Unlike feed-forward neural networks, RNNs can use their internal state (memory) to process sequences of inputs. In other neural networks, all the inputs are independent of each other. But in RNN, all the inputs are related to each other.
Why RNN?
The basic challenge of classic feed-forward neural network is that it has no memory, that is, each training example given as input to the model is treated independent of each other. In order to work with sequential data with such models — you need to show them the entire sequence in one go as one training example. This is problematic because number of words in a sentence could vary and more importantly this is not how we tend to process a sentence in our head.

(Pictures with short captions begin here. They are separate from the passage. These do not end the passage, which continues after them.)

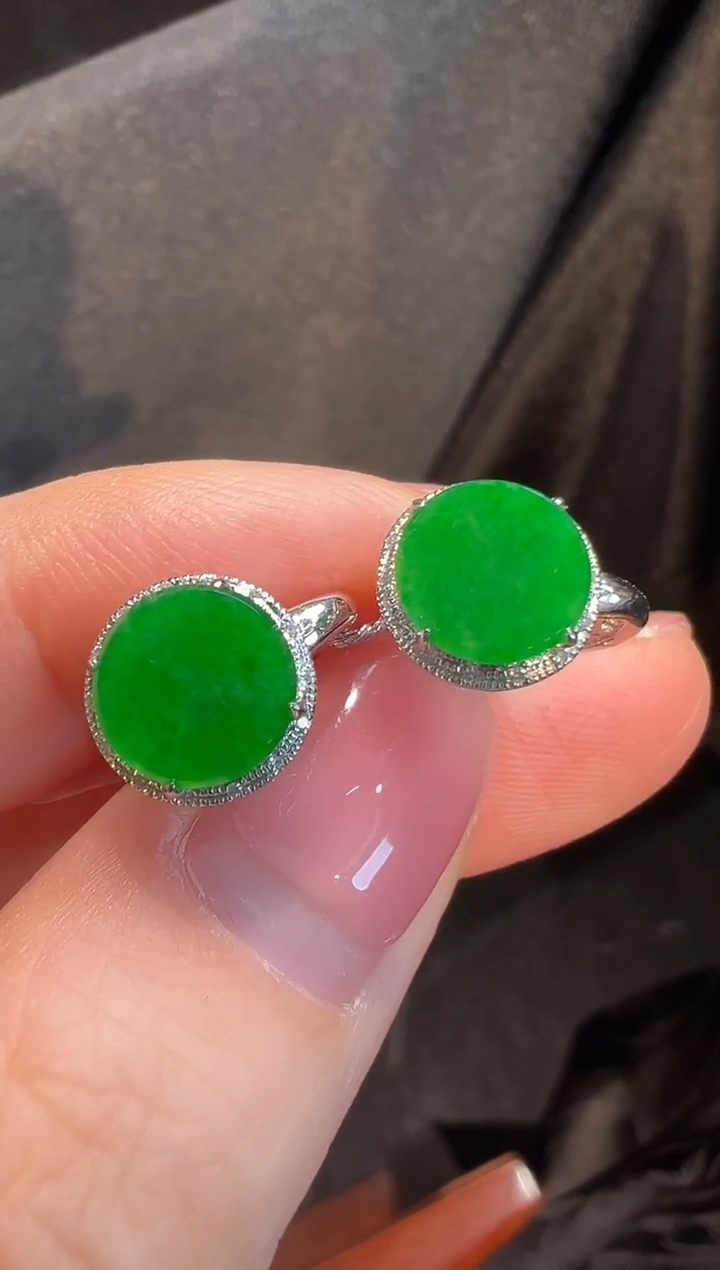 18K金镶嵌翡翠耳饰L6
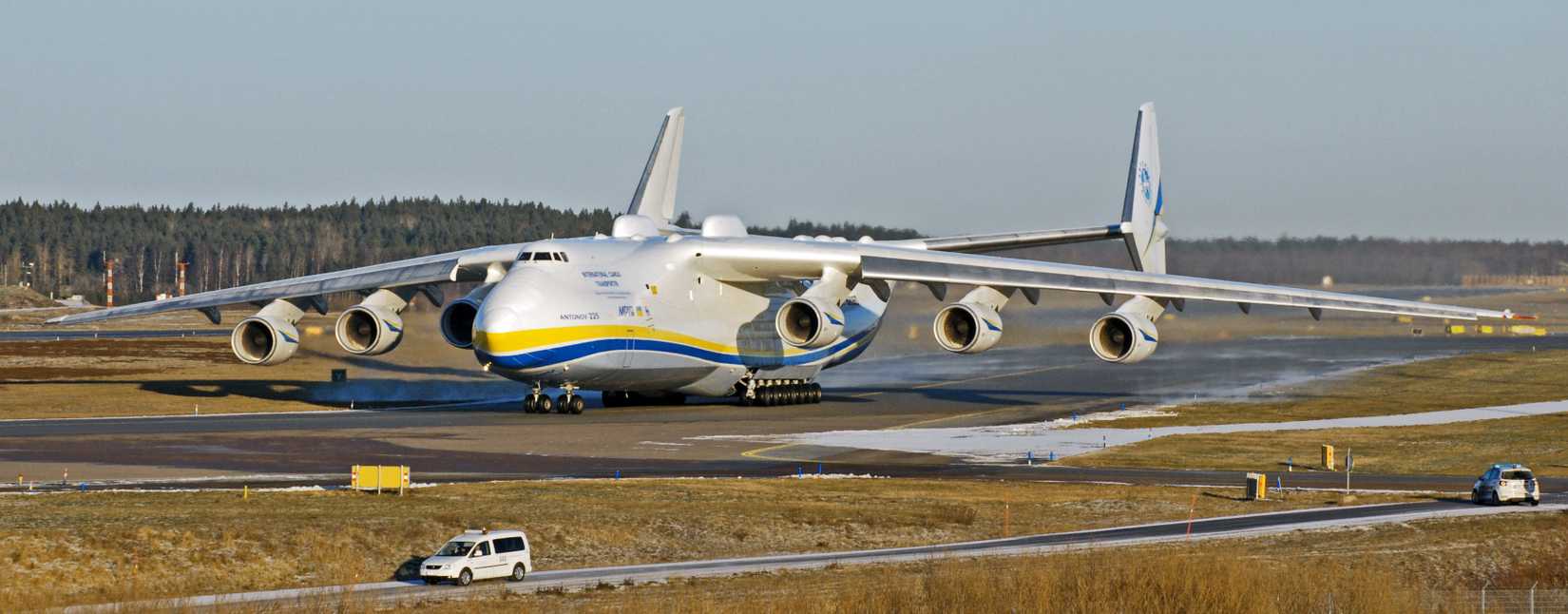 Why The Airbus A380 Has So Many Tires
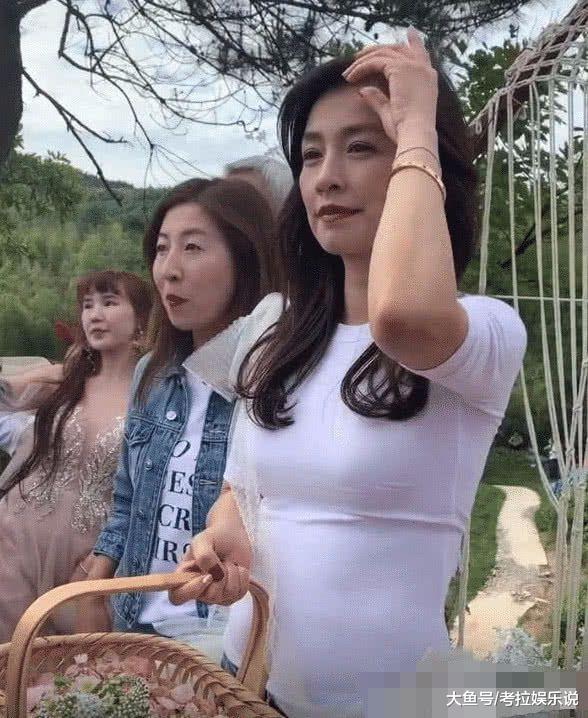 張庭穿「無痕衣」不懼鏡頭，當她抬起胳膊的瞬間，暴露隱藏的身材！ 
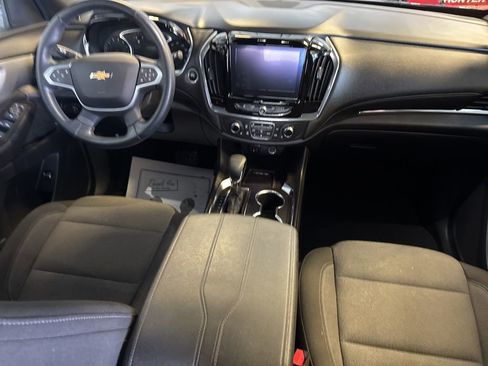 Used 2023 Chevrolet Traverse LT w/ Rear Camera Mirror Package image 11
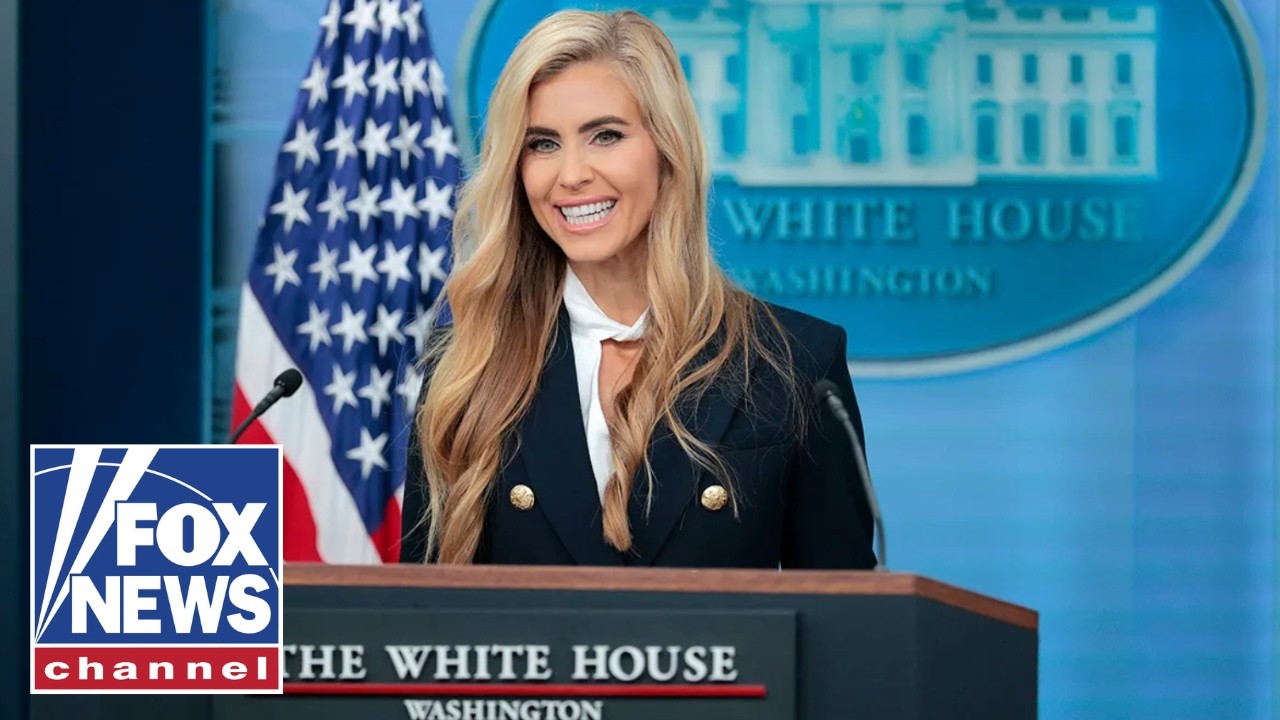 Katie Zacharia holds first WH press briefing
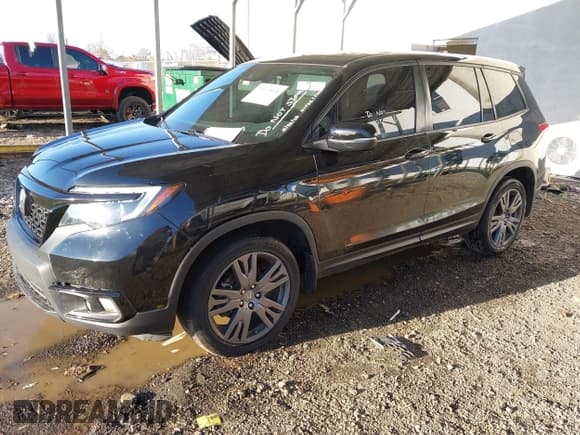 ✅ 2020 Honda Passport EX-L • VIN: 5FNYF8H52LB003956 • Lot: 43602808. Wystawiony na IAAI z przebiegiem 100 077 mil. Bezpłatny archiwum sprzedaży aukcyjnych z USA i szczegółowy raport historii pojazdu na DreamBid. Zdjęcie 2.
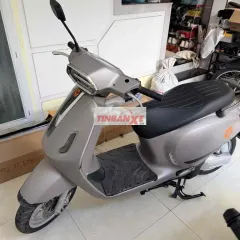 Xe máy điện Yadea Oris Xám Như mới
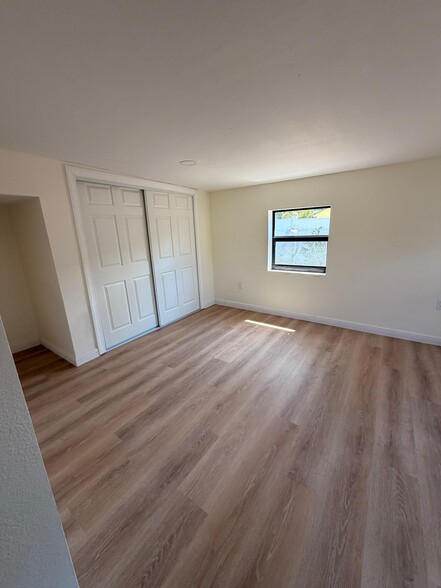 Building Photo - 2304 W Idlewild Ave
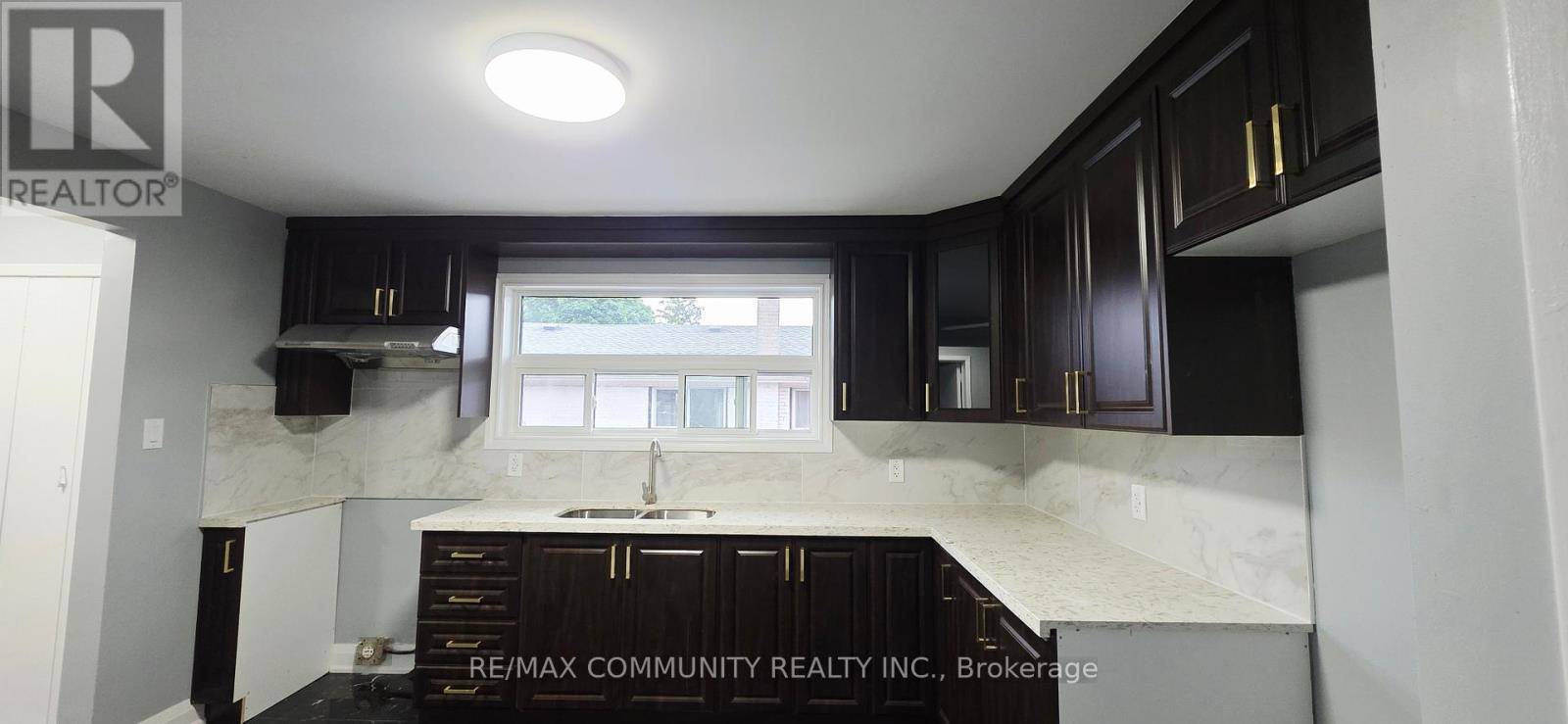 Toronto (dorset Park), ON M1P1S4,30 Canlish RD #2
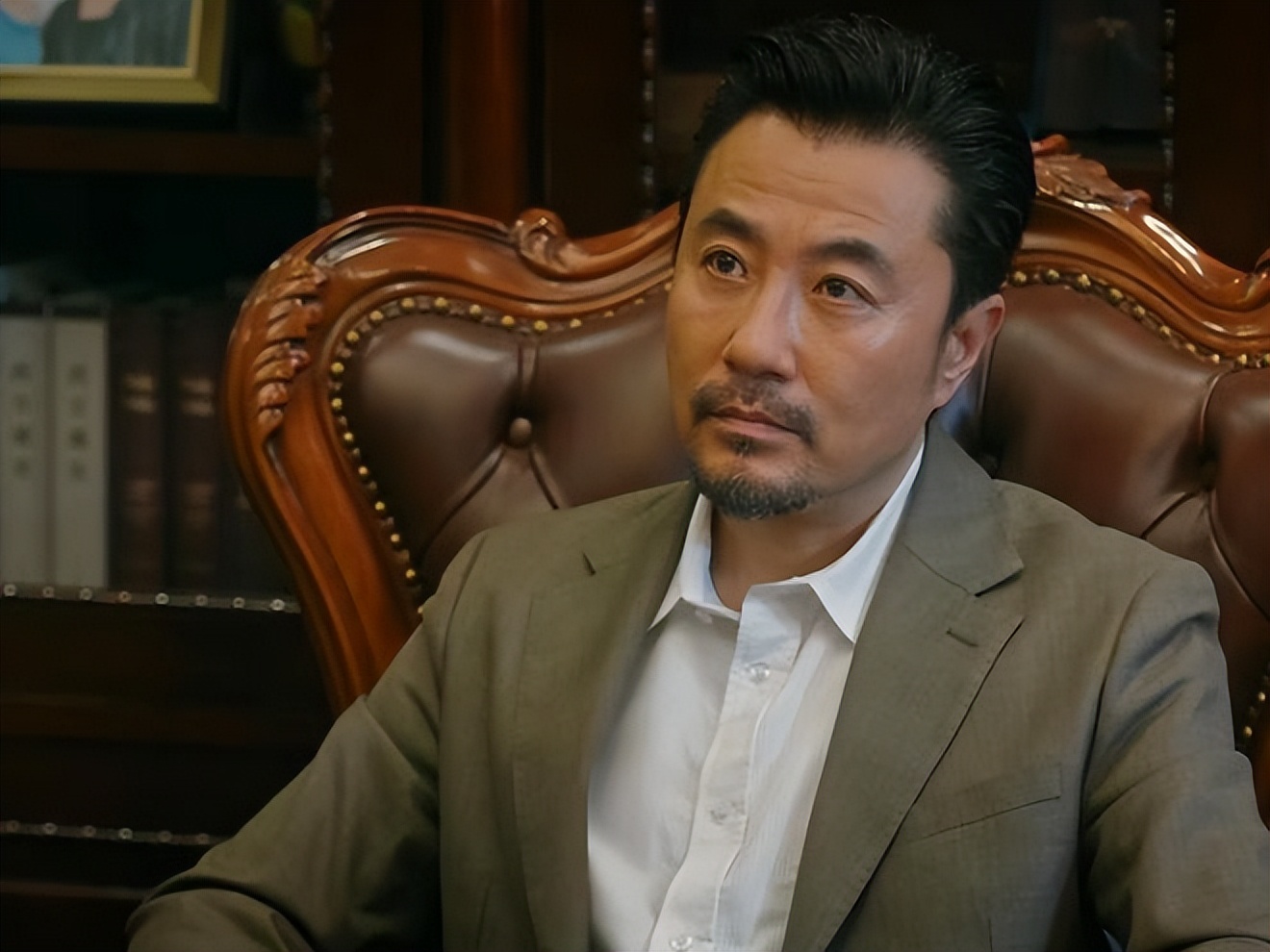 《他是谁》陈宝丽的悲惨结局,从睡了赵刚的那一刻便开始了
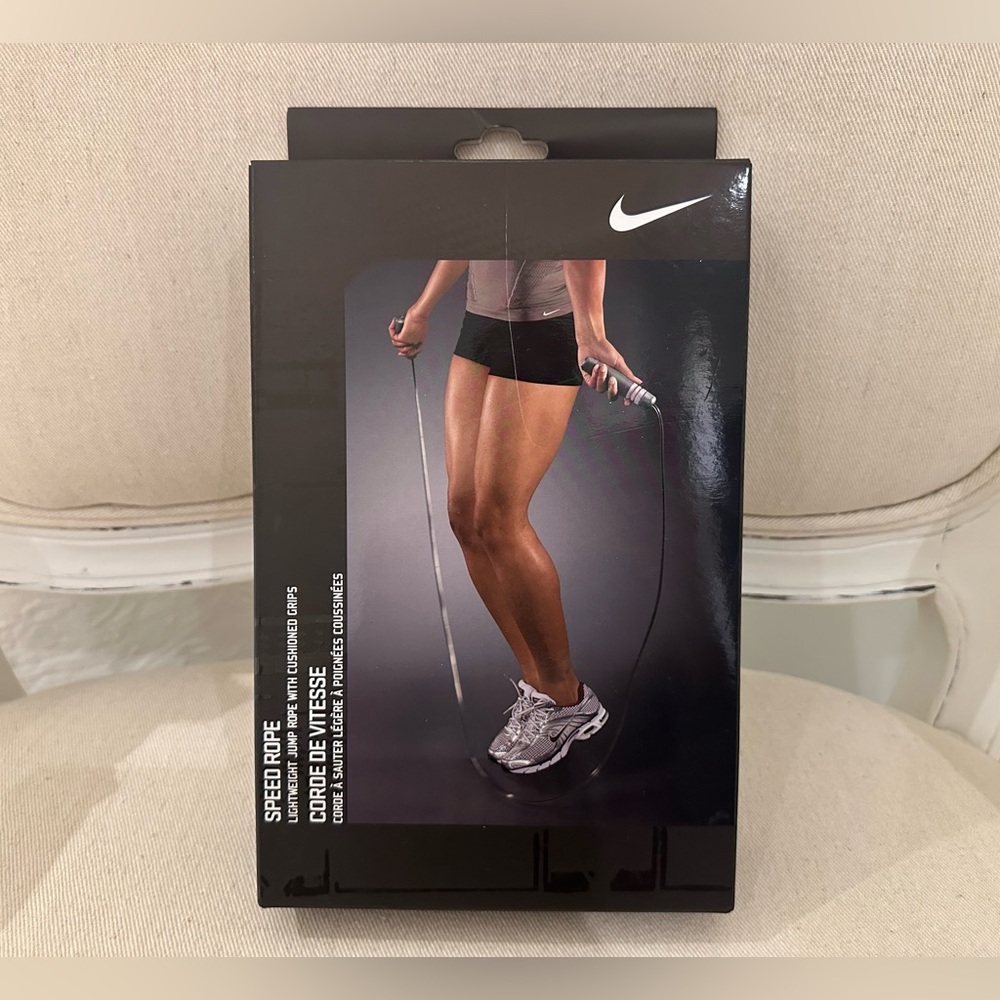 Nike Woman Speed Skipping Jump Rope With Soft Comfort Handles NWT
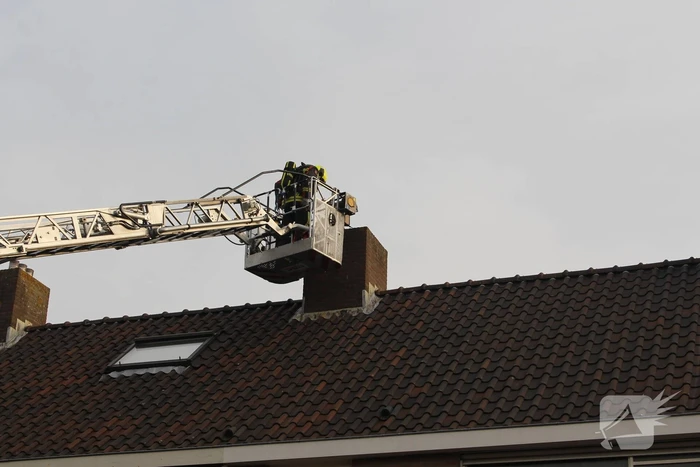 Schoorsteenbrand snel gedoofd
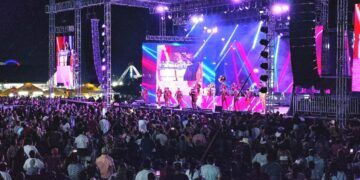 ¡Éxito Total! Banda El Recodo Hizo Cantar &Amp; Bailar A Más De 18 Mil En Apatzingán Y Disparó La Economía En Una Noche Histórica 25 ¡Éxito Total! Banda El Recodo Hizo Cantar & Bailar A Más De 18 Mil En Apatzingán Y Disparó La Economía En Una Noche Histórica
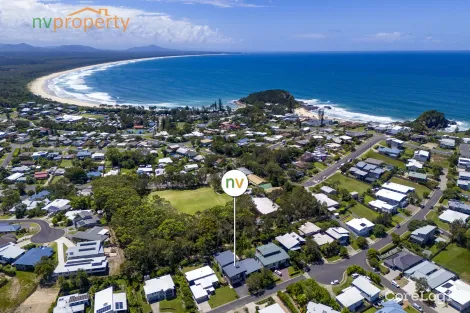 Property photo of 23 Sandpiper Drive Scotts Head NSW 2447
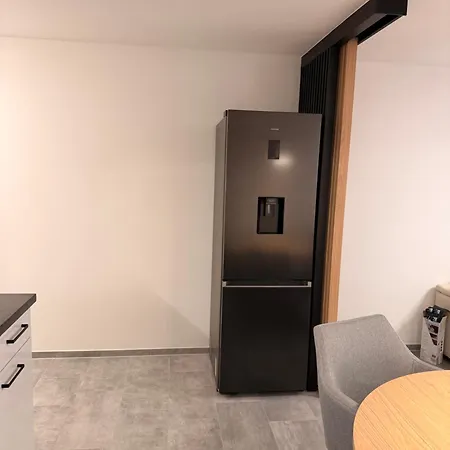 Appartement Moderne 47m2 Am Zentrumsrand Von *
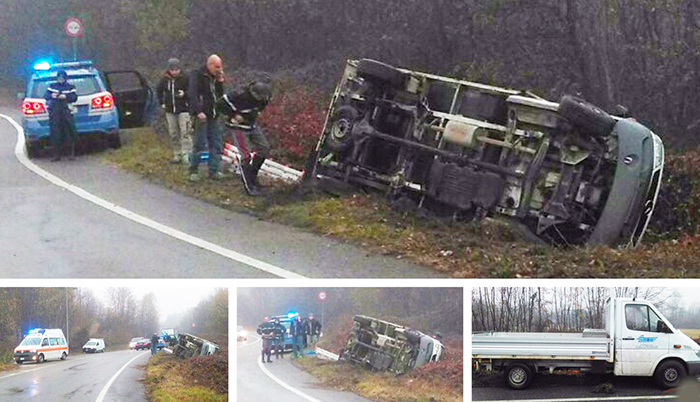 Autocarro sbanda ed esce di strada. Conducente illeso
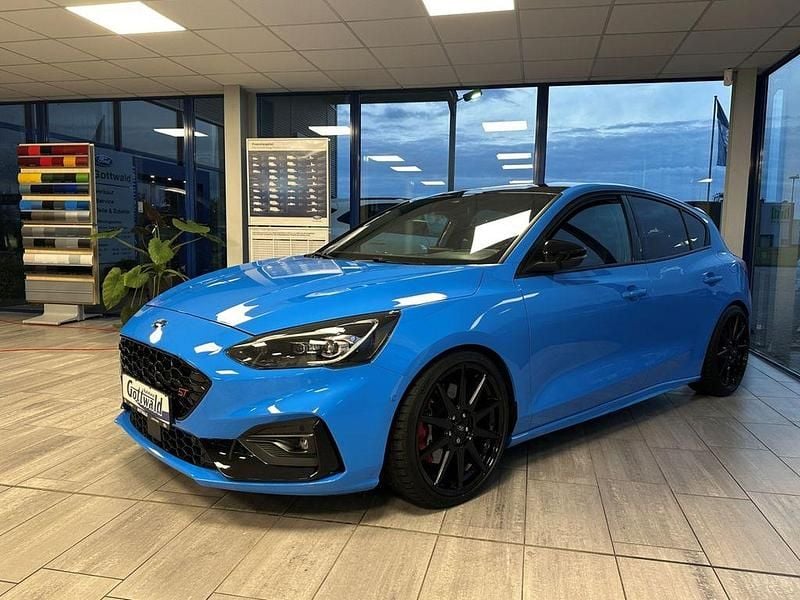 Gebraucht Ford Focus ST 280 PS (205 kW) 2021 Nitro blau Limousine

When we read a sentence, we read it word by word, keep the prior words / context in memory and then update our understanding based on the new words which we incrementally read to understand the whole sentence. This is the basic idea behind the RNNs — they iterate through the elements of input sequence while maintaining a internal “state”, which encodes everything which it has seen so far. The “state” of the RNN is reset when processing two different and independent sequences.
Recurrent neural networks are a special type of neural network where the outputs from previous time steps are fed as input to the current time step.
The way RNNs do this, is by taking the output of each neuron (input nodes are fed into a hidden layer with sigmoid or tanh activations), and feeding it back to it as an input. By doing this, it does not only receive new pieces of information in every time step, but it also adds to these new pieces of information a w̲e̲i̲g̲h̲t̲e̲d̲ ̲v̲e̲r̲s̲i̲o̲n̲ of the previous output. As you can see the hidden layer outputs are passed through a conceptual delay block to allow the input of h ᵗ⁻¹ into the hidden layer. What is the point of this? Simply, the point is that we can now model time or sequence-dependent data.
This makes these neurons have a kind of “memory” of the previous inputs it has had, as they are somehow quantified by the output being fed back to the neuron.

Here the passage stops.